- **WORK INSTRUCTIONS**
Only the lines from the one with "Used 2014 Ford" through the final line below belong in the answer, copied exactly and without pictures.

- **THE DATA**

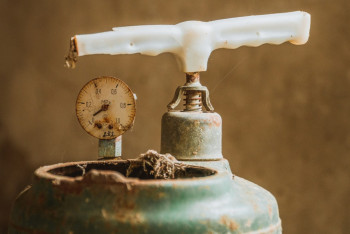 Алматинские пожарные предотвратили взрыв в новостройке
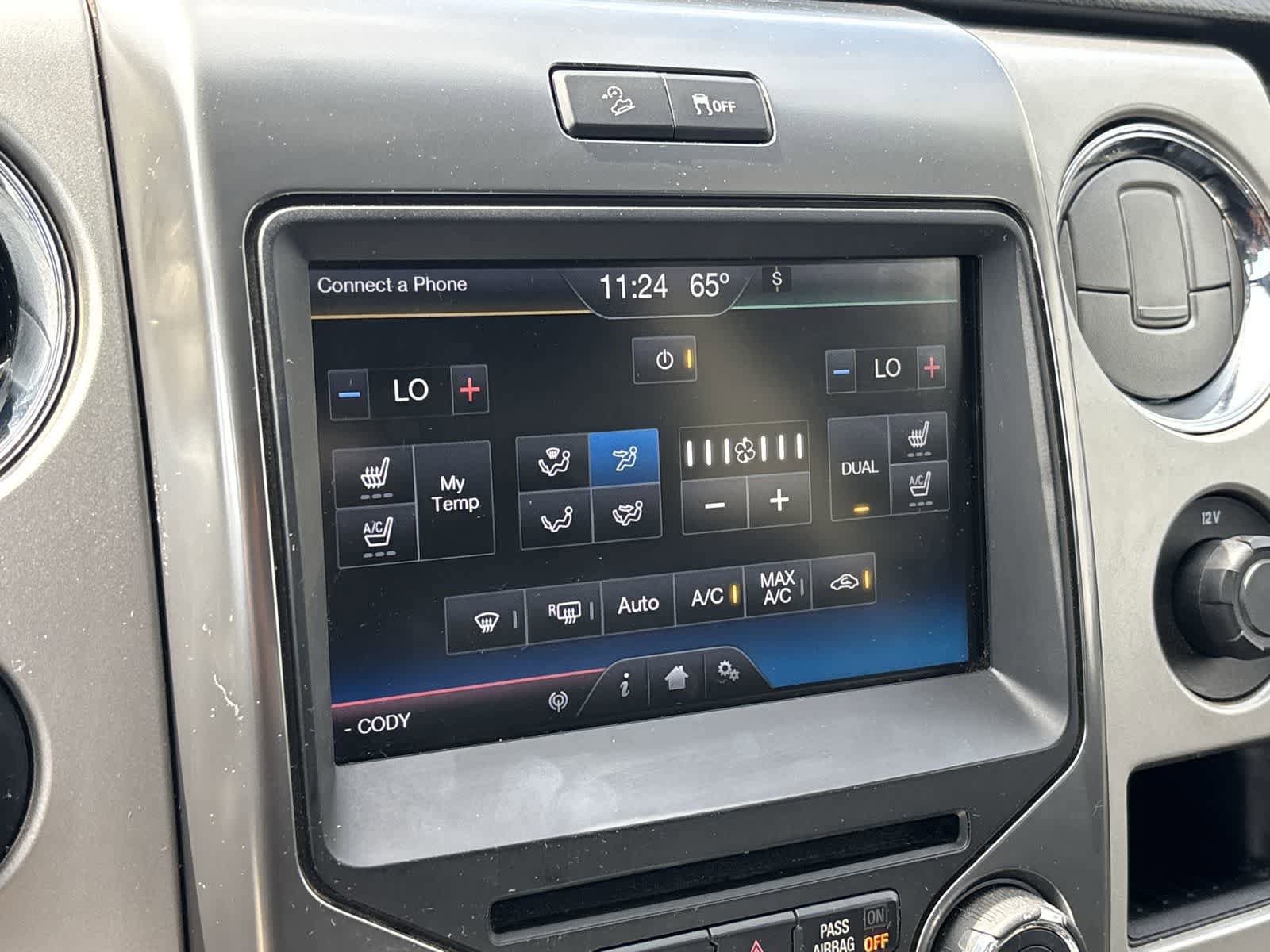 Used 2014 Ford F150 FX4 w/ Equipment Group 402A Luxury AWD/4WD image 20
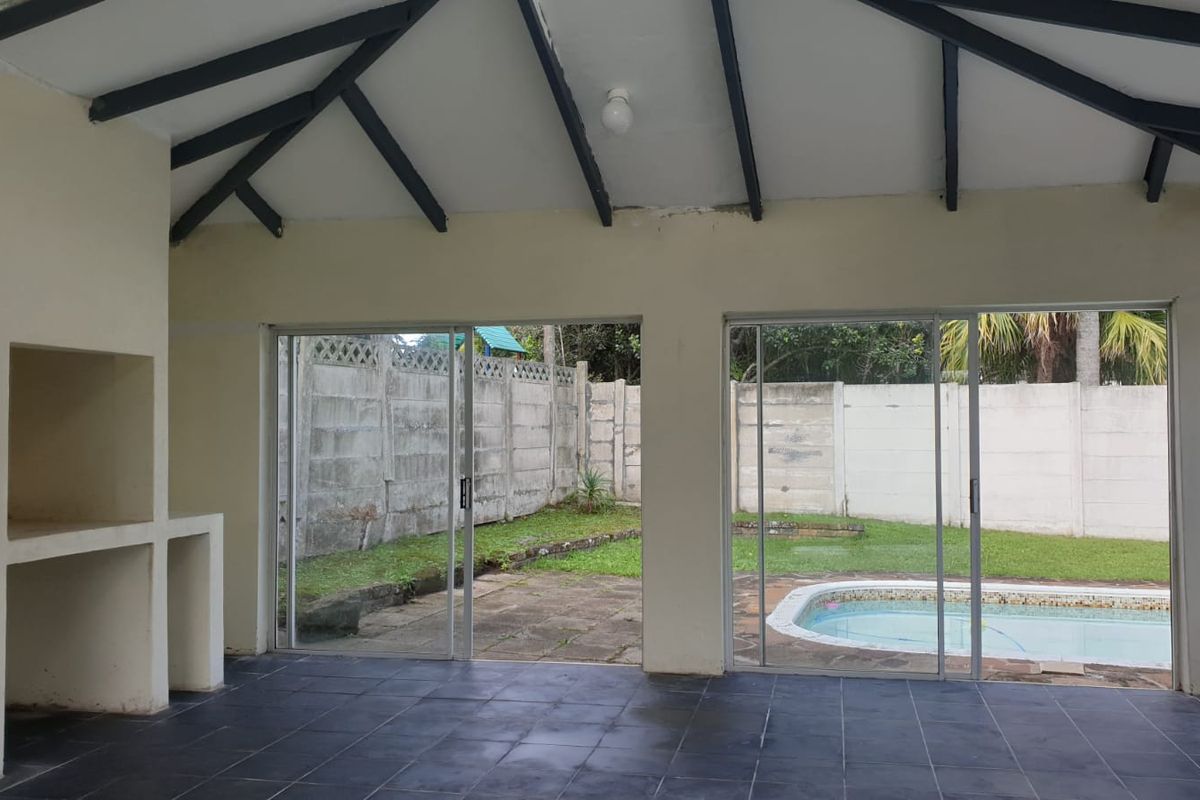 The Perfect Family Haven in Beacon Bay – Space, Pool & Entertainment - Photo 3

- **SOLUTION BELOW**
 Used 2014 Ford F150 FX4 w/ Equipment Group 402A Luxury AWD/4WD image 20
 The Perfect Family Haven in Beacon Bay – Space, Pool & Entertainment - Photo 3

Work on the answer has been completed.